La ilusión desde la ilusión
La magia, el arte del engaño, tiene mucho en común con el cine. Ambos se construyen sobre la noción de aquello que podemos ver, pero en ambos casos es igual de valioso aquello que no podemos ver. Tanto la magia como el cine se valen de todos los artilugios necesarios para que el relato sea coherente, evitando que se filtre la posibilidad de la destrucción del verosímil: en el caso del cine de ficción sería un grave problema de guión, mientras que en la magia se pondría en evidencia la naturaleza parcial o total de la falsedad del truco. En Nada es lo que parece ambas artes se encuentran dejando varias sensaciones encontradas pero, también, un relato entretenido que se sostiene en el carisma de sus actuaciones.
Pero, ¿qué es lo que produce esas “sensaciones encontradas”? La cuestión del punto de vista que se corresponde con la magia, precisamente. El director juega un “truco” con el espectador, le da a la trama dos giros bruscos que nos obligan a replantearnos todo lo que vimos previamente. El relato nos pone bajo puntos de vista donde lo que se oculta es, precisamente, todo aquello que nos pueda hacer prever el giro, con lo cual mucho del desarrollo pierde peso cuando se piensa a la película en su conjunto. Esto no sólo hace que, por ejemplo, pierda peso la impecable química que hay entre los ilusionistas de Jesse Eisenberg, Isla Fisher y Woody Harrelson, sino que nos hace cuestionarnos para que el director nos ponga la lupa bajo esos personajes sin que haya un testigo, una excusa para hacerlo.
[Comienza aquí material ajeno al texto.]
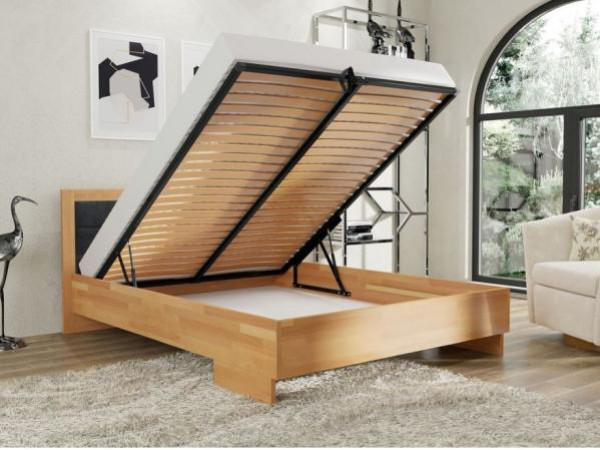 Pourquoi faire le choix d'un lit coffre bois massif ? 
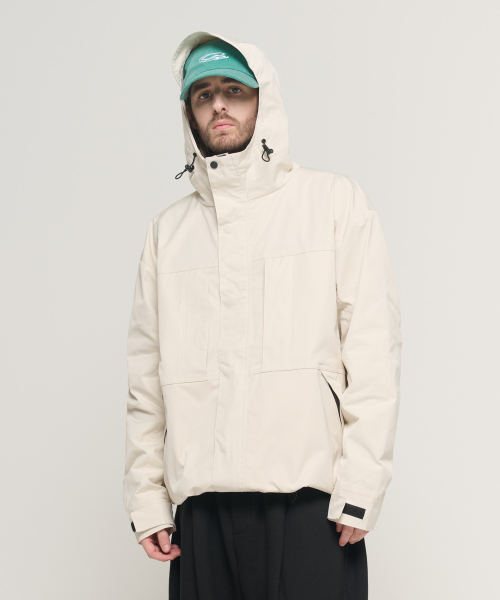 4D Tech Wind Breaker Куртка (Ivory)
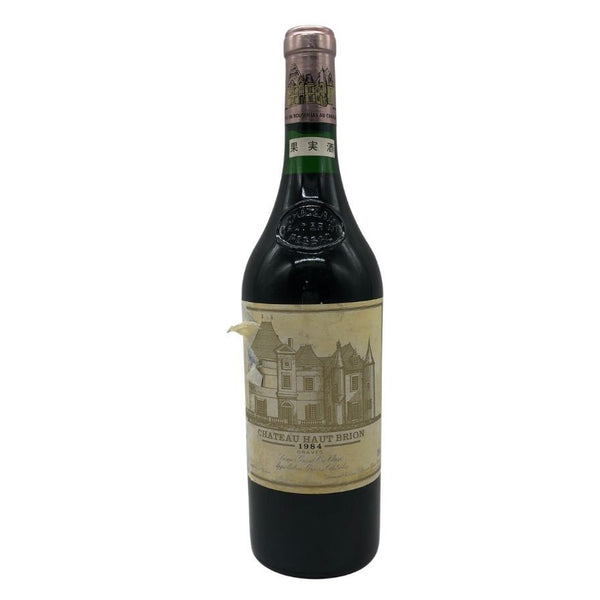 シャトー オーブリオン 1984 750ml 15% Chateau Haut-Brion ボルドーワイン【M4】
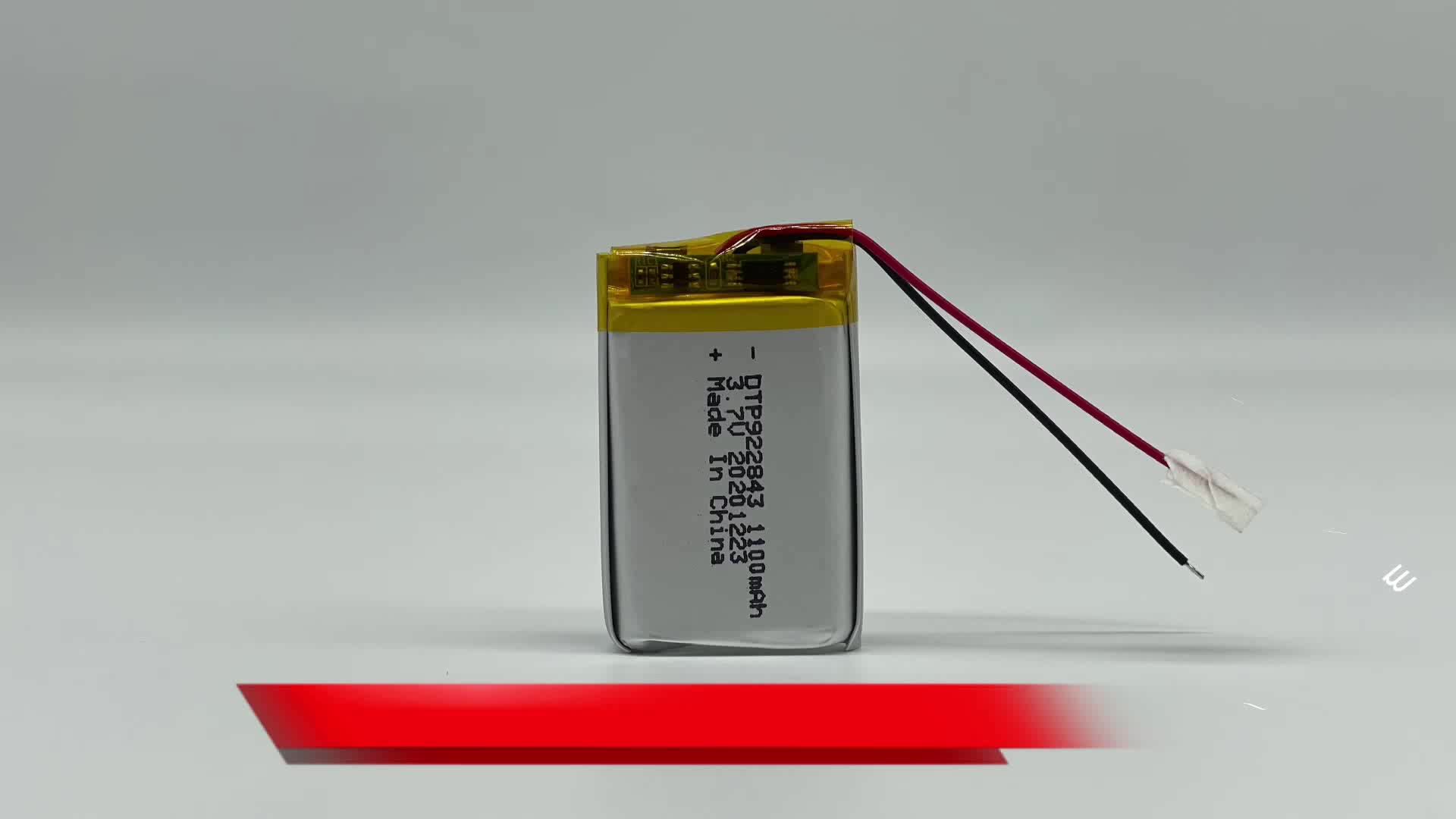 3.7v Liion Polymer Battery 680mah With Thermistor Buy 3.7v Liion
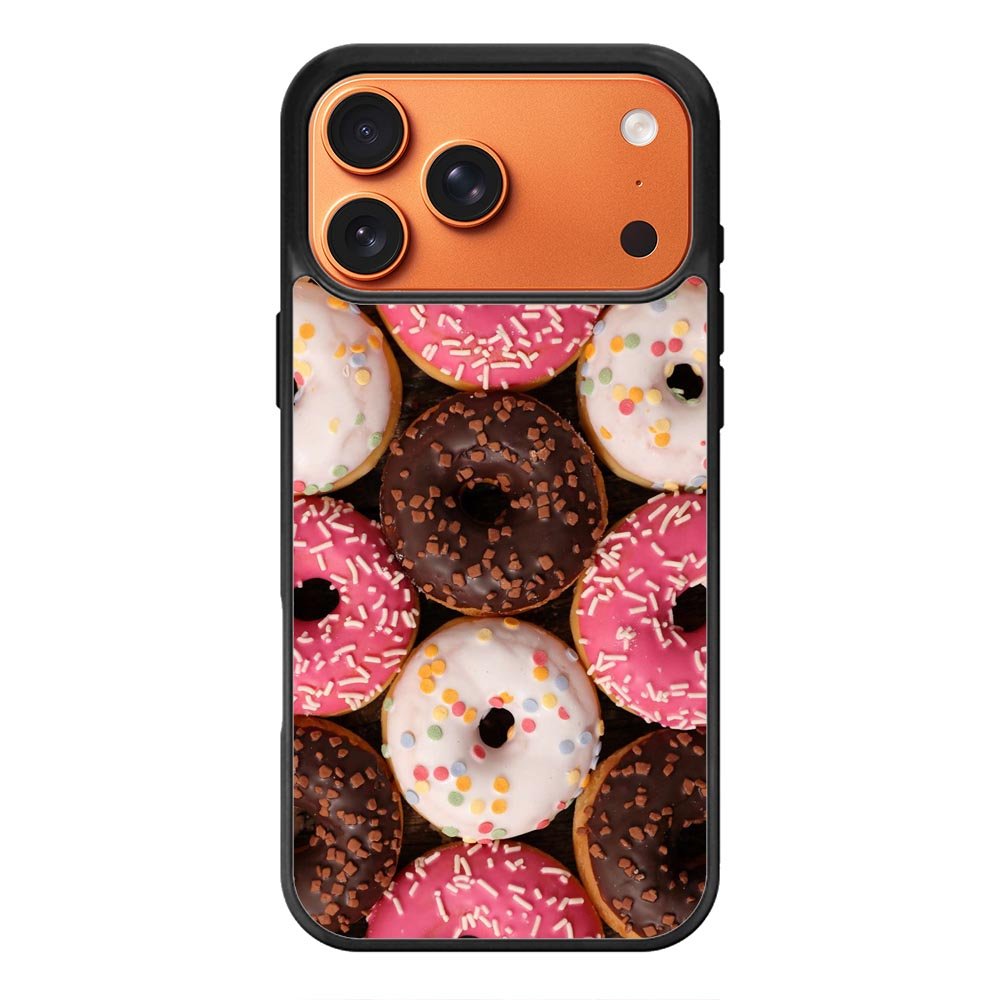 Donuts iPhone 17 Pro Case QC11072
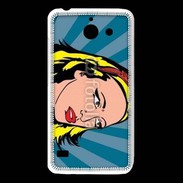 Coque Huawei Y550 Lichtenstein 6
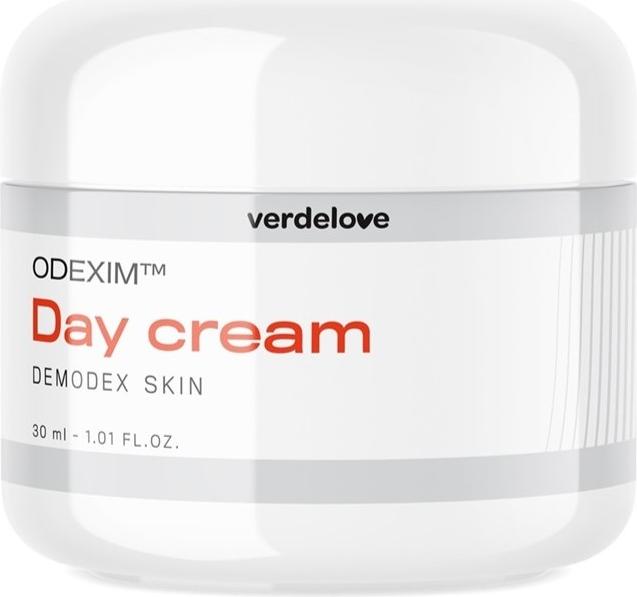 Odexim Tagescreme gegen Demodikose, 30 ml
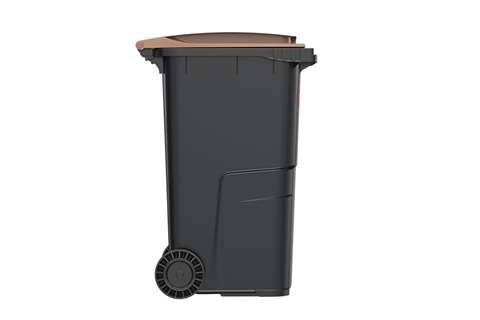 Sulo - Container on wheels - 240l - with colored lid  Sulo - Container on wheels - 240l - with colored lid
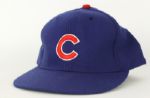 1989-92 Andre Dawson Chicago Cubs Signed Game Cap (MEARS LOA/JSA)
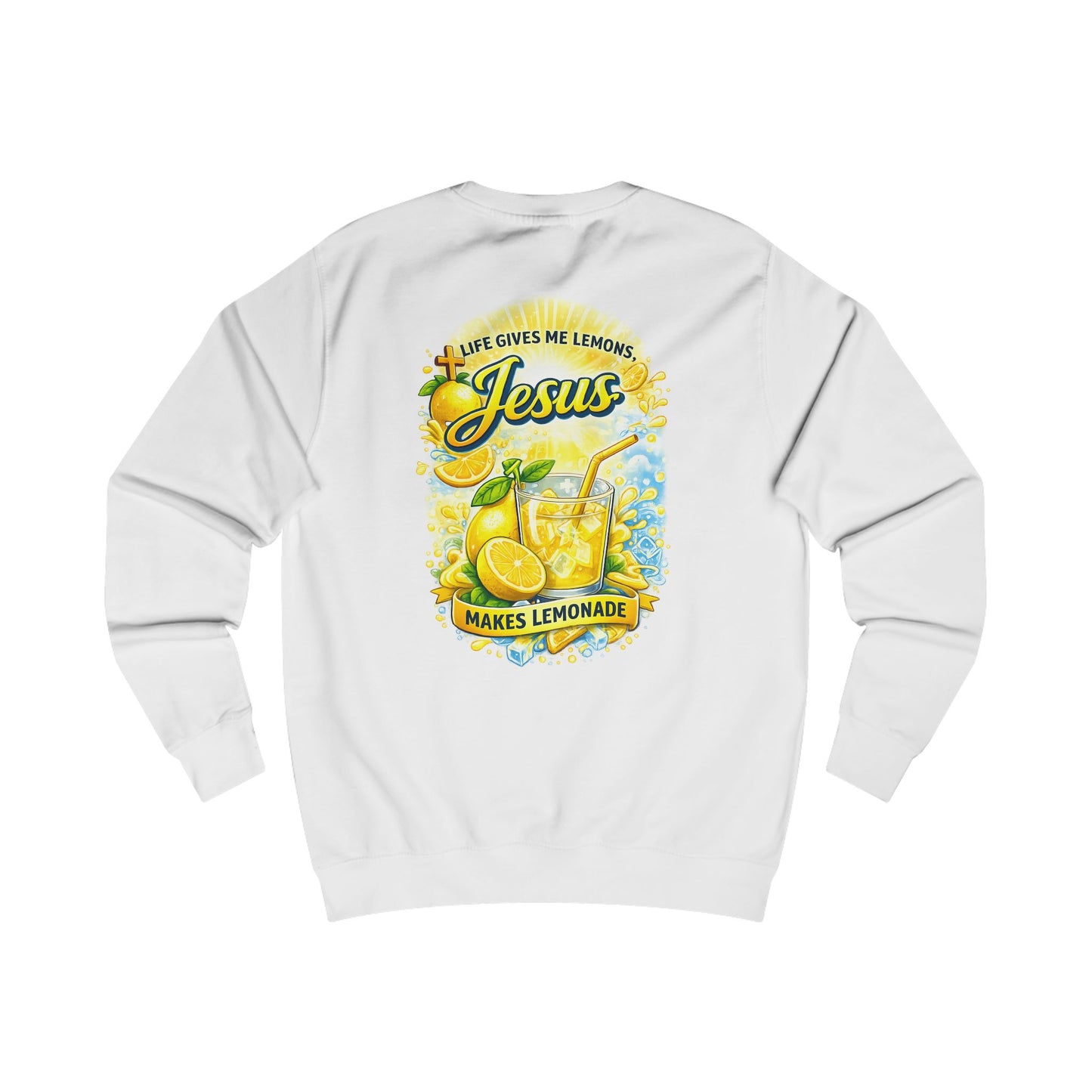 Jesus Makes Lemonade Sweater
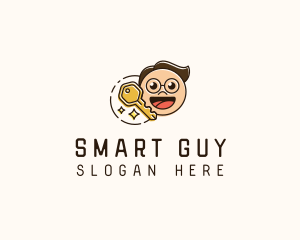 Guy - Key Guy Keysmith logo design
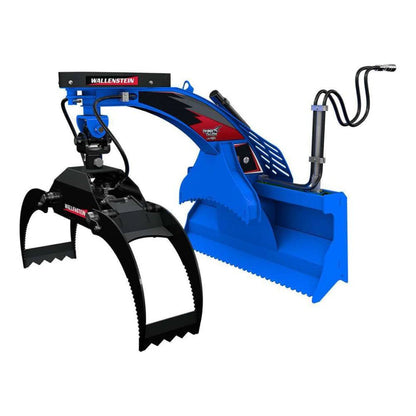 Wallenstein LXG420S Mini-Skidsteer Log Grapple Attachment - LXG420S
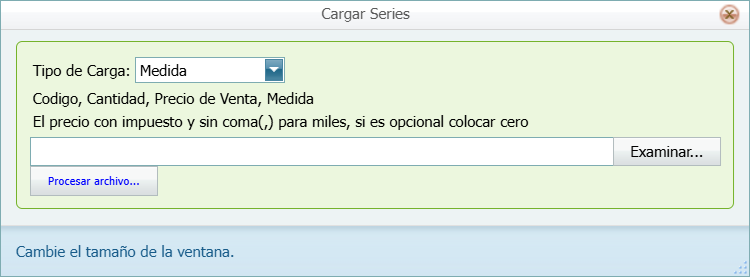 Facturacion Pedido Importar Boton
Esto es porque el relato se maneja desde un omnisciente al que el director utiliza conveniente y fragmentariamente para hacer el “gran truco” final, que está lejos de estar presentado con la lucidez que lo haría un Shyamalan en, por ejemplo, El protegido.
Pero más allá del engaño final hay mucho más en esta película que giros. La introducción es trepidante y el complemento del carisma de los ilusionistas sobre el escenario nos permite ver cómo un talentoso grupo de actores emula la conducción televisiva durante los shows, gracias a la puesta en escena de Leterrier. Sí, quizá algunos clásicos puedan argüir que la cámara nunca para de moverse, pero lo cierto es que en la película se emula la puesta en escena televisiva, con toda esa espectacularización de paneos desprolijos y zooms medidos. No se puede medir con la misma vara las persecuciones, que pecan por ser confusas, hecho llamativo si se tiene en cuenta que Leterrier dirigió las dos primeras partes de El transportador.
Entretenida pero algo deshonesta, Nada es lo que parece parece explotar algunas buenas ideas que son ejecutadas en el frenesí de la acción, pero cuando tiene que contar parece dispersa y fragmentaria, forzando un giro final que justifique el aura de magia de la película.